Passiamo ora a formulare una breve overwiev per il prossimo periodo di programmazione: sul Programma generale Horizon Europe saranno allocati per il periodo dal 2021 al 2027 circa 103 miliardi di euro. Tenendo presente che probabilmente la Gran Bretagna sarà fuori dal gioco, vorrà dire che l’incremento da Horizon 2020 sarà cospicuo, circa 20 miliardi in più e un astante importante in meno alla tavola. Per il Programma specifico di ricerca per le Pmi cui solo queste potranno accedere e che verrà denominato Accelerator sono previsti circa 4-5 miliardi (a oggi il budget è ancora in fase di negoziazione).

Con Accelerator la Commissione sta inoltre mettendo a punto un servizio complementare a quello fornito tramite l’erogazione del contributo a fondo perduto: metterà infatti a disposizione delle Pmi meritevoli anche la possibilità di partecipare per un periodo di circa 7 anni al capitale sociale delle aziende finanziate, con il cosiddetto blended, ovvero una provvista finanziaria fino a un massimale di 12,5 milioni di euro erogata sotto forma di aumento di capitale sottoscritto da una società veicolo dell’Ue, che per un periodo limitato di tempo resterà socio dell’azienda beneficiata contribuendo con la propria provvista di fondi ad attivare il progetto innovativo, non solo nella parte di ricerca fino alla pre-industrializzazione e prototipazione, ma anche per l’attivazione della produzione vera e propria.

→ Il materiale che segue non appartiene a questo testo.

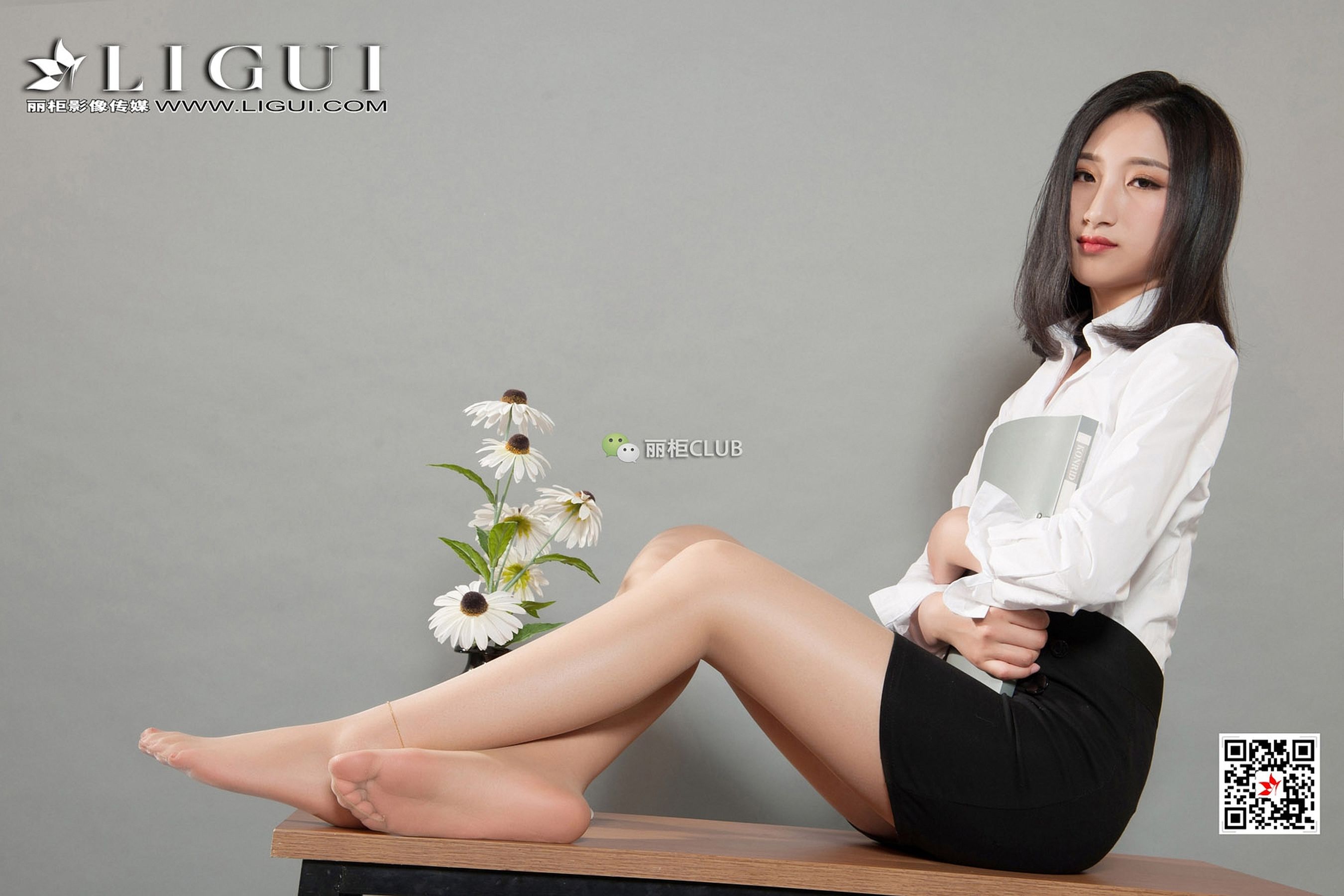 Model 腿模阮阮《肉丝OL丝足》 [丽柜Ligui]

Dunque per le aziende italiane è il momento, a dispetto di tanti gufi e cassandre più abituati a guardare l’albero che cade che la foresta che cresce, di guardare all’Europa e ai suoi tanti, utili e possibili strumenti a favore dell’imprenditoria italiana. L’auspicio di tutti è che per la nuova programmazione il posto della Spagna, ora prima nel lucrare i benefici per la R&S delle Pmi, sia ben presto conquistato a pieno titolo e merito dalle aziende italiane.